The Viscontessa and the Devora have held a couple of contests, and very interesting they were. One was to explain why a particular item is the most precious to us. We'd been asked to be brief, though by the time I'd finished the Devora's hand was reaching for her hammer! Coincidentally, I was recently asked by someone if I find it impossible to give a short reply to a question, and after some thought I had to admit that is indeed the case - accompanying the response with a lengthy explanation of the reasons why! Strange, really, for one who in the past was accused of being taciturn, of being unwilling to speak with others.
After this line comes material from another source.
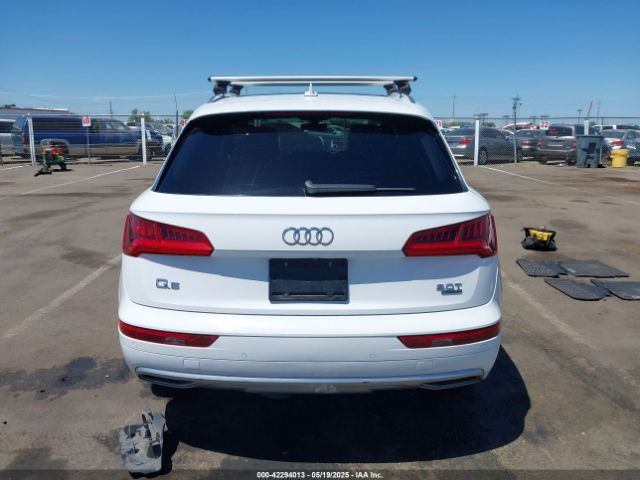 WA1BNAFY7J2087165 Audi Q5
Clearly, I've changed in some ways that only I hadn't noticed.

So - exploration and contests, time spent speaking with friends and guildkin. And painfully short time spent in my lady's company. Ellyana seems brighter since last we met. I had heard from those she'd spoken with in the intervening time that she did indeed seem in better spirits, and that news has lightened my own burden.

In quieter moments I've contined jotting down odd notes about what I want done at the site of that fallen tower. When time allows I can pull them all together, and return with a completed plan for the project, and the coin and the time to see the job done.
Tuesday, 14 February 2012
Changed @ 21:46 - Link - comments
Every journey passes through one very critical spot. There's a point which, once passed, signifies that it is a shorter distance to your destination than to return to where you started from. I woke in the camp of the forestmen, well aware that I had passed that point - and even more aware of the time I'd lost. I joined a few of the men where they were gathered around a small fire, and ate a very welcome hot meal, checking my equipment as I did so. Night was falling as I considered how far I still had to travel. The last time I passed this way, it was a day's walk, a night's rest, then a few more marcs walk. This time there would be no rest, I determined to push straight on to my destination.
I left the camp at first light, making good time as I passed beneath the trees then out onto open grassland. Differing scenarios passed through my mind, though I could make no definite plans without seeing the situation in the place I'd so long planned to revisit. Continuing dark devastation, new light and rebirth, or maybe something in between - only time would tell. The forestmen knew only that there had been more travellers in the area, though were unsure whether those travellers were passing through, or were maybe people returning to homes from which they had once fled.
My path took me once again among trees, then down a small track. My spirits rose slightly, for the area did not seem as gloomy as I recalled, the air seeming to hang less heavy. And then I broke clear of the trees, and it became clear what the princess and I had achieved on that long-ago day.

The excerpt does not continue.